▶ Required work
For this exercise, the lines from the one with "Mikina BLACK HEART BONES" through the end of the material below must be output exactly, without pictures.
[Opening Extracted records section]
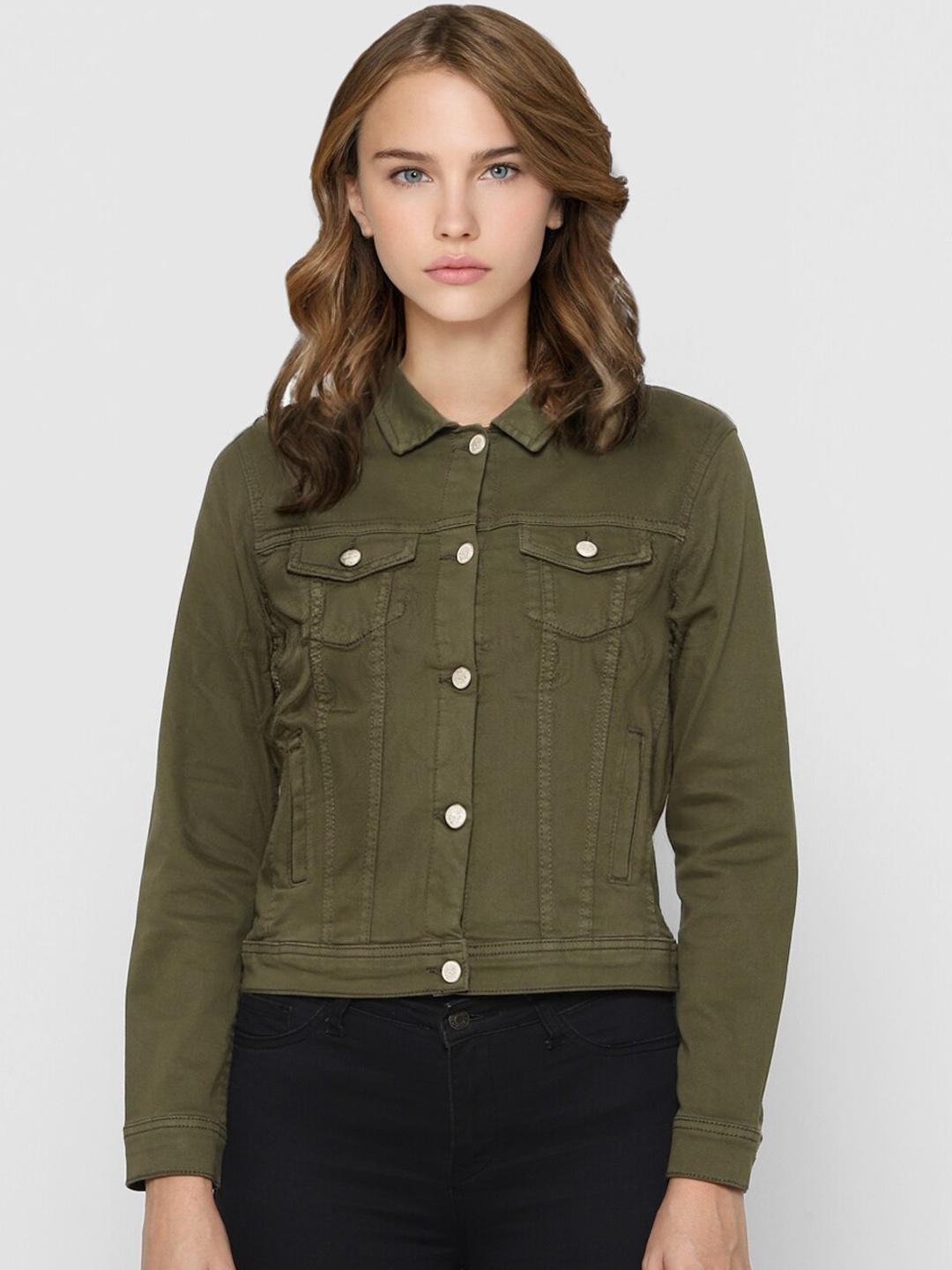 

ONLY Women Olive Solid Tailored Jacket
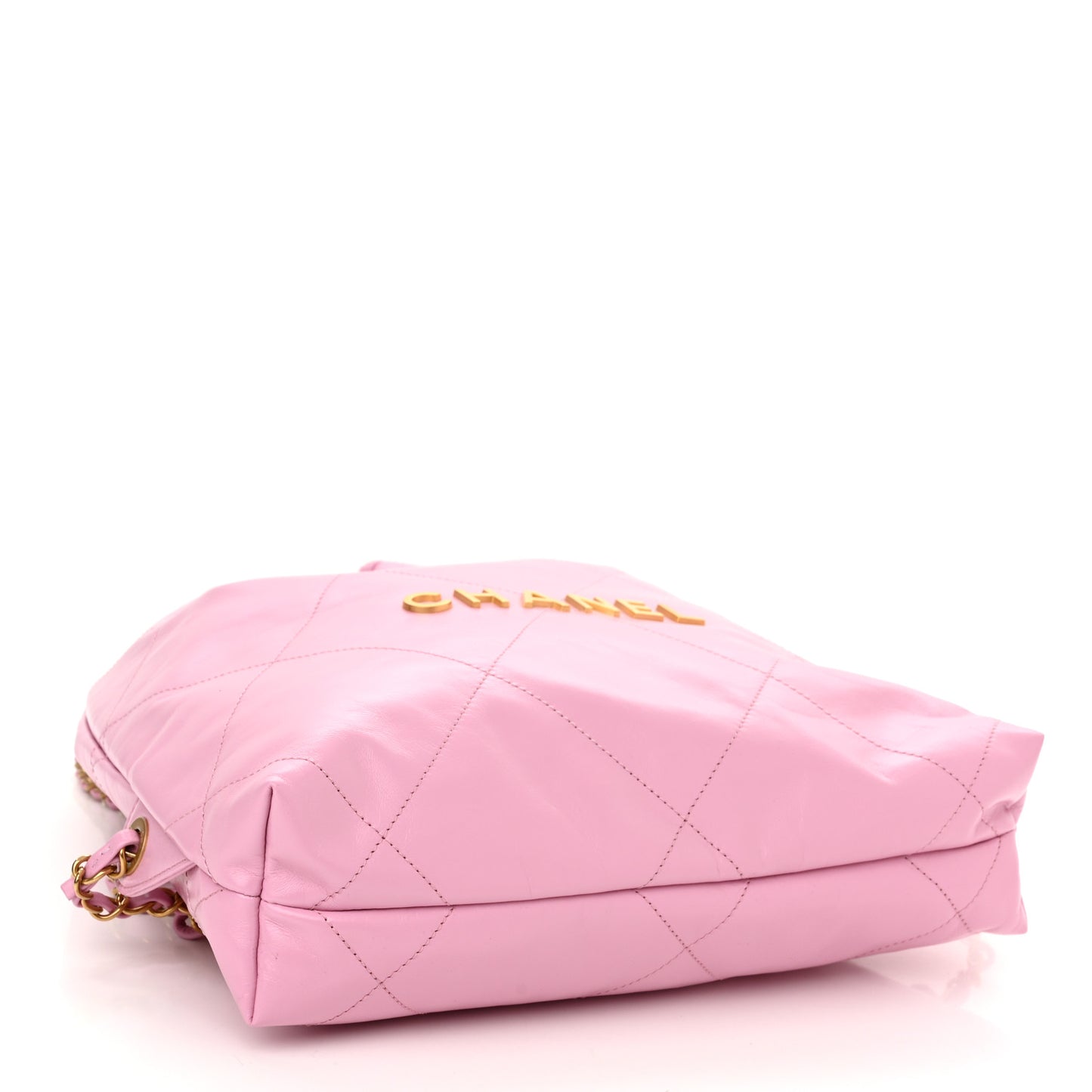 Shiny Calfskin Quilted Chanel 22 Backpack Lilac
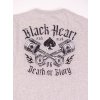 Mikina BLACK HEART BONES
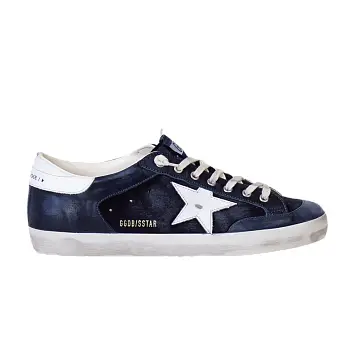 Golden Goose Super Star Suede Navy - 1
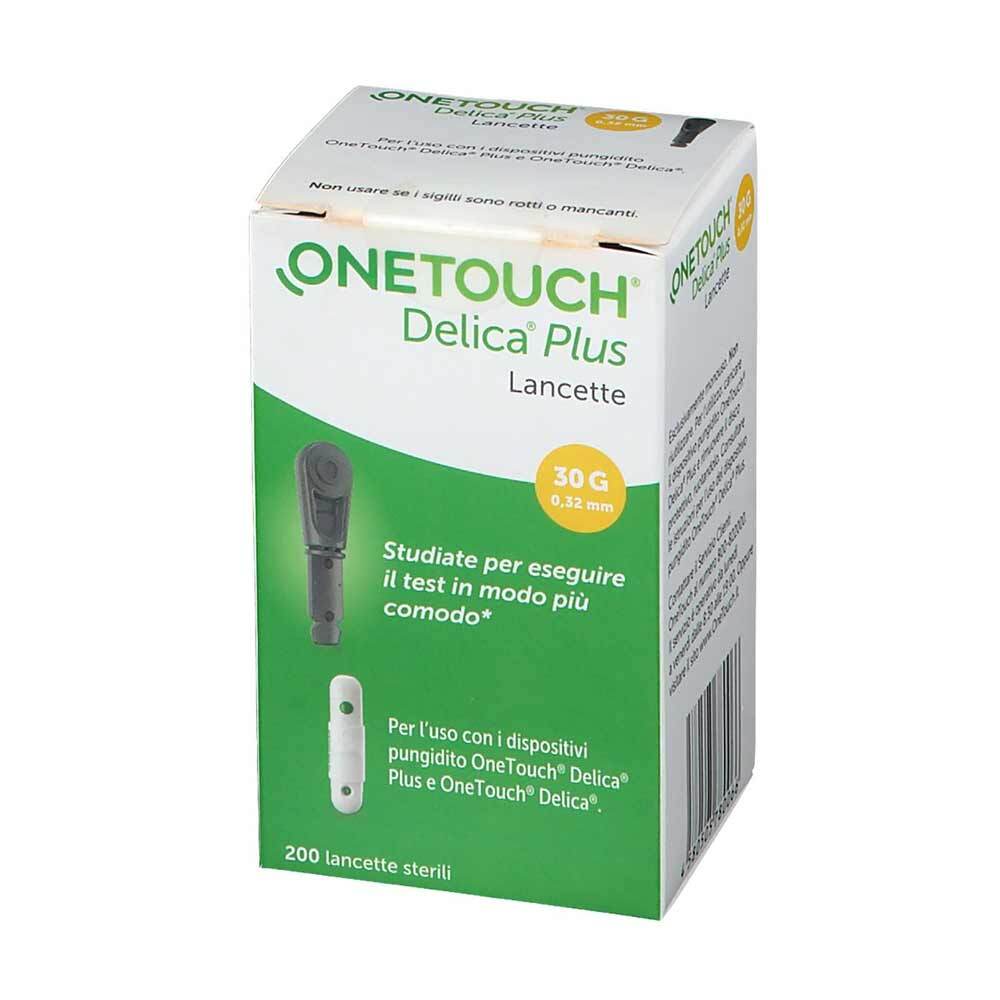 OneTouch Delica Plus Lancette Pungidito 30G, 200 Lancette Sterili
[Closing Extracted records section]
▶ Response area
 Mikina BLACK HEART BONES
 Golden Goose Super Star Suede Navy - 1
 OneTouch Delica Plus Lancette Pungidito 30G, 200 Lancette Sterili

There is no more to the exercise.